A lot of people keep throwing around the word "digital" like it's a wonder drug. I have yet to see much in the way of synergies between television and the Net. Yes, some people are streaming shows instead of watching them on TV. The only way that helps broadcasters is that on the Net you can prevent people from skipping commercials, which you can't do when they've recorded your TV show.

But the additional promotional content on the website, the additional minutes of the Jon Stewart interview, the Alternate Reality Game -- these are all "added value" for the consumer of TV that don't necessarily put more money in the pocket of the broadcaster.

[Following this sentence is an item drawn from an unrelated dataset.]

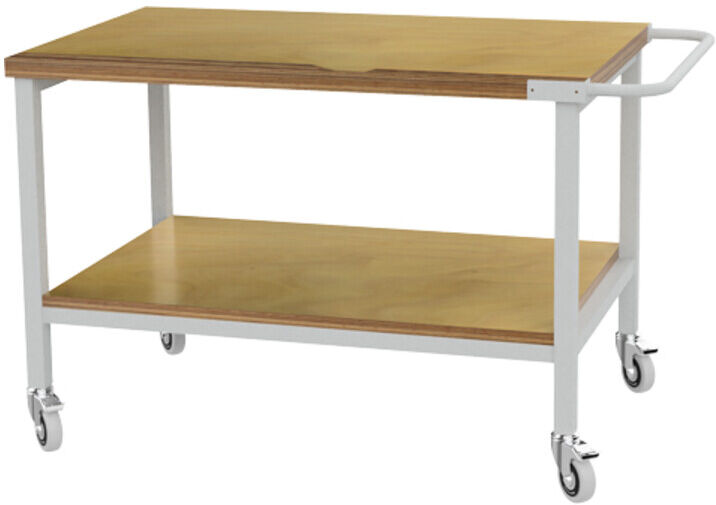 Bedrunka+Hirth Arbeitstisch fahrbar Tiefe 750mm Buche Multiplex Fachboden (04.15.01)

It's disingenuous for the Conservatives to say, "Hey, you need less money now 'cause there's DIGITAL!" Prices aren't "dropping." Broadcasting TV is actually really cheap. Transmitters don't cost a lot, and the customers buy their own TVs. What costs is making quality programming that people want to watch. You don't save anything broadcasting a sitcom over the Net. It still needs to have decent production values, great acting, great directing and great writing.

Technology is actually a threat. For over the air (OTA) broadcasters, technology is a tsunami and they're the low-lying coastal areas. In the medium run, the advertising model for television is untenable. People are watching fewer and fewer commercials. Cable channels can laugh it up, 'cause they're paid for by subscription. But I think free broadcast is doomed within the next 10 years, and maybe in as little as 5. Product placement isn't going to fill the gap. Broadcasters are going to have to replace airing stuff for free with iTunes-style downloads, pay-per-view streaming, and more subscriptions.

Or explain to me how I'm wrong.

I have no idea how we're going to rework Cancon so it works in the new environment. The current model forces broadcasters to air a (pitiably small) number of hours of homemade programming. As more and more content shifts to other delivery systems, we'll need Cancon requirements for those, too.

Don't count on the Conservatives to provide them. But dollars to doughnuts there's an election in the Fall, and I think Michael Ignatieff gets it. (I know Justin Trudeau does 'cause I've had him over for lunch.)

Meanwhile, when some Minister says, "Hey, you don't need money, you just need to go all DIGITAL," just ask him how, exactly, "digital" is supposed to fix what's wrong with broadcasting.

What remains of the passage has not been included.